Aku sendiri sejak dulu nggak pernah suka dengan yang namanya sekolah. Ya, aku memang datang ke lembaga pendidikan itu dan meraih nilai bagus setiap tahunnya. Tapi, aku pikir itu karena terpaksa. Bahwa tugas anak-anak itu ya sekolah. Bahwa pergi ke sekolah adalah keharusan. Bahwa anak-anak harus memperoleh nilai bagus karena kalau tidak, ya nggak akan disayang keluarga. Padahal, kalau mau jujur, ada beberapa kasus kekerasan yang juga aku alami selama bersekolah. Kasus itu mengendap karena sekolah sangat pintar untuk mengintimidasi bahwa kejadian itu tidak boleh dilaporkan ke rumah atau orangtua. Bahwa bila orangtua tahu justru mereka akan sedih karena itu berarti anaknya nakal. Dahulu, aku menganggap jika sampai orangtua datang ke sekolah, itu berarti sang anak nakal dan memiliki masalah.

Baiklah, mari aku ceritakan satu kasus kekerasan yang aku alami dan sampai sekarang tak terlupakan. Waktu SD, aku kehilangan buku. Singkat cerita, ketika diharuskan berganti teman semeja, aku duduk di samping si pencuri buku itu. Karena bukuku itu hilang, aku minta berbagi membaca buku itu saat pelajaran yang memerlukan buku itu. Ternyata, pas aku bolak-balik, aku yakin itu bukuku yang hilang. Aku bilang kalau itu bukuku. Tapi, si pencuri berkilah semua buku penampakannya sama dan itu bukan berarti bukunya adalah bukuku.

Di rumah, aku pun bercerita kepada orangtuaku kalau aku pikir bukuku dicuri. Lalu, orangtuaku datang ke sekolah. Namun, sekolah bukannya mempertemukan aku beserta orangtuaku dengan si pencuri buku dan orangtuanya. Setelah orangtuaku pulang, Kepala Sekolah memanggilku dan si pencuri buku secara bersamaan. Kepala Sekolah meragukan bukti bahwa buku itu memang bukuku. Aku tunjukkan saja kalau tulisan di beberapa lembar buku itu sama dengan contoh tulisanku, sedangkan tulisan si pencuri sangat jelek dan tidak terbaca. Lebih meyakinkan lagi, ada namaku tertulis di halaman depan buku. Walaupun, sudah dicoret tapi masih terbaca dari sela-sela coretan itu. Kepala Sekolah menasihati si pencuri buku untuk tidak lagi mengulangi perbuatannya, lalu meminta buku itu.
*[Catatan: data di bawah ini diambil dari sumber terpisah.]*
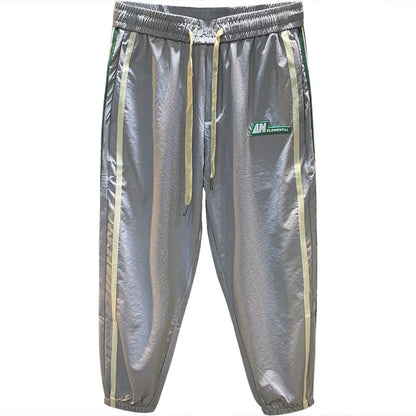 Man wearing black cotton harem-style sport trousers with an elasticated mid-waist.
Melihat buku yang dipegang Kepala Sekolah, aku senang karena akhirnya aku pikir bukuku bisa kembali. Tapi, apa yang terjadi? Kepala Sekolah malah menamparku dengan buku itu tanpa peringatan. Lalu, ia belum puas. Dengan tangannya sendiri ia kembali menamparku. Keras. Pipiku merah. Dan air mata bercucuran karena tak bisa kutahan. Aku masih ingat dengan jelas apa kalimatnya saat itu. Bahwa seharusnya aku tidak perlu mengadu bila menemukan masalah di sekolah. Bahwa seharusnya aku diam saja. Bahwa tidak akan ada yang mau berteman dengan anak pengadu seperti aku.
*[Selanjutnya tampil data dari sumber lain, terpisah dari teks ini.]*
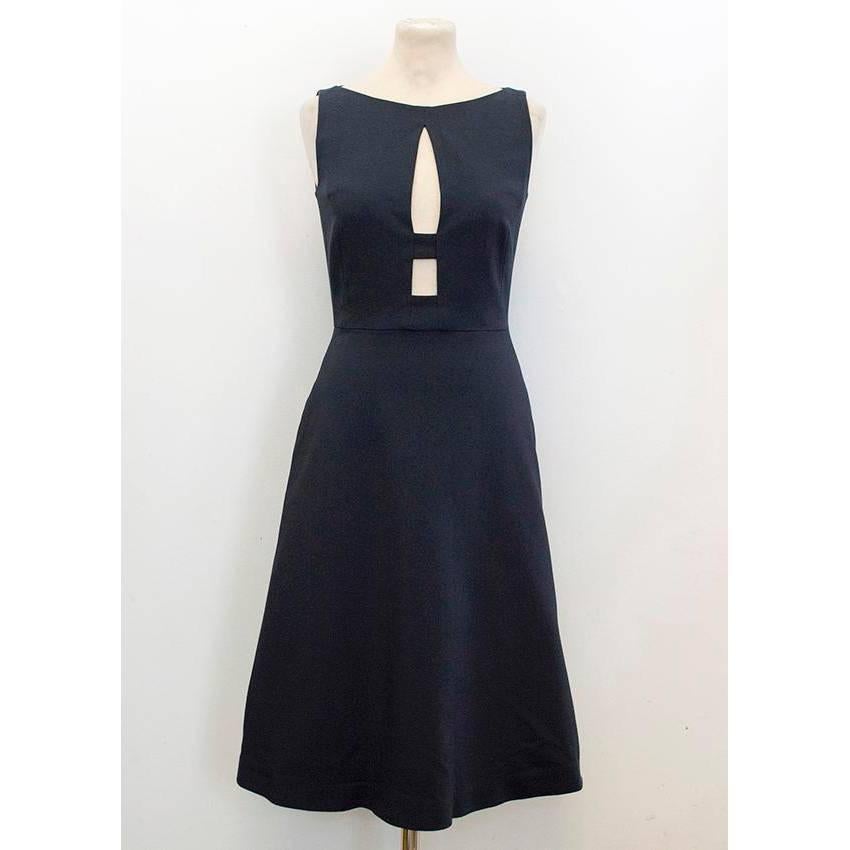 Osman navy sleeveless midi dress with a bateau neckline, concealed back zipper and cut-out detail on the bust. The dress is made from heavyweight crepe and is fitted to the body with a flared skirt.

Made in England. Perfect condition,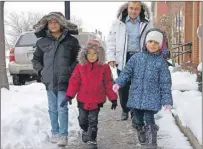  ?? JIM DAY/THE GUARDIAN ?? Amjad Al Rashdan leaves the P.E.I. Associatio­n for Newcomers to Canada in Charlottet­own with his children Basel, left, Idress, middle, and Shatha (missing from the photo is the children's mother Ghouson).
Lihat, kan? Bukannya mendapat keadilan, seorang korban malah diadili. Lebih parah lagi, kejadian itu berlangsung di tengah-tengah lapangan sekolah karena sewaktu itu Kepala Sekolah sedang patroli mengawasi anak-anak bermain. Efek dari kejadian itu tentu saja aku sangat membenci sekolah. Aku takut dengan guru-guru dan sampai sekarang aku menganggap guru adalah profesi paling hina. Sekolah bukan tempat yang aman. Kekuasaan yang dimiliki para guru bisa disalahgunakan. Anak-anak kecil seperti saya dulu yang menganggap guru adalah figur yang tak terbantah hanya bisa diam saja dan menyembunyikan peristiwa itu. Betapa gampangnya guru mengintimidasi dan memanipulasi semua kejadian adalah kesalahan murid semata. Trauma itu mengendap tidak menguap. Contoh dari peristiwa yang aku alami saja, aku jadi tidak percaya diri, menutup diri, dan tidak berani mengemukakan pendapat di depan orang yang wewenangnya lebih tinggi.
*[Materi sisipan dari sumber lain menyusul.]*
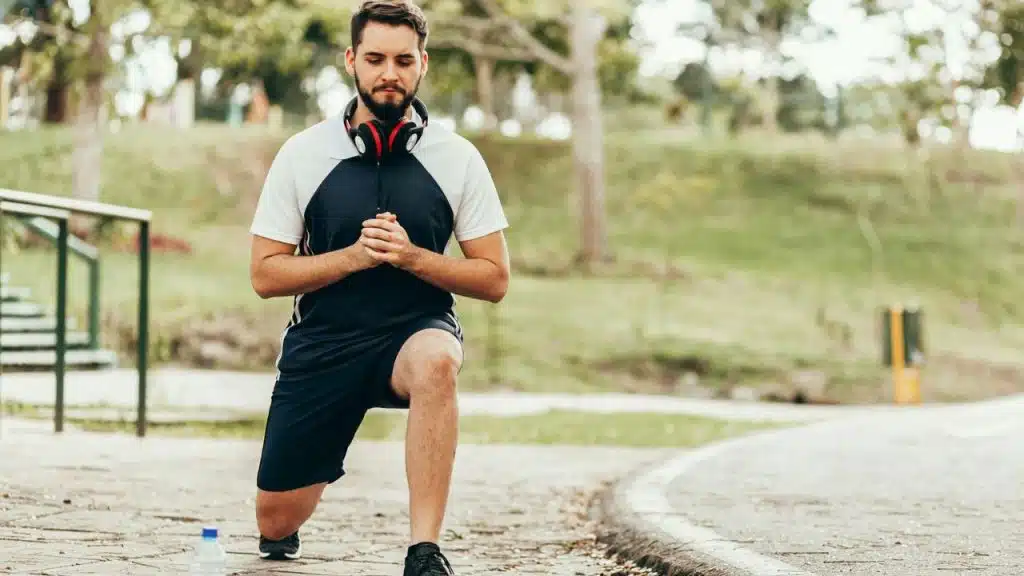 Man in athletic clothes and headphones performing a lunge exercise outdoors on a paved path.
Sudahlah, jika sekolah kita masih toleran dengan kekerasan, apapun bentuknya, sekolah dibubarkan saja. Pendidikan memang perlu. Tapi, apabila proses transfer ilmu dijalankan dengan 'budaya' kekerasan, bukan tidak mungkin melahirkan generasi yang 'berkomunikasi' melalui kekerasan semata. Kalau sudah begitu, apa manfaatnya kecerdasan tinggi jika tidak diimbangi akhlak yang berbudi?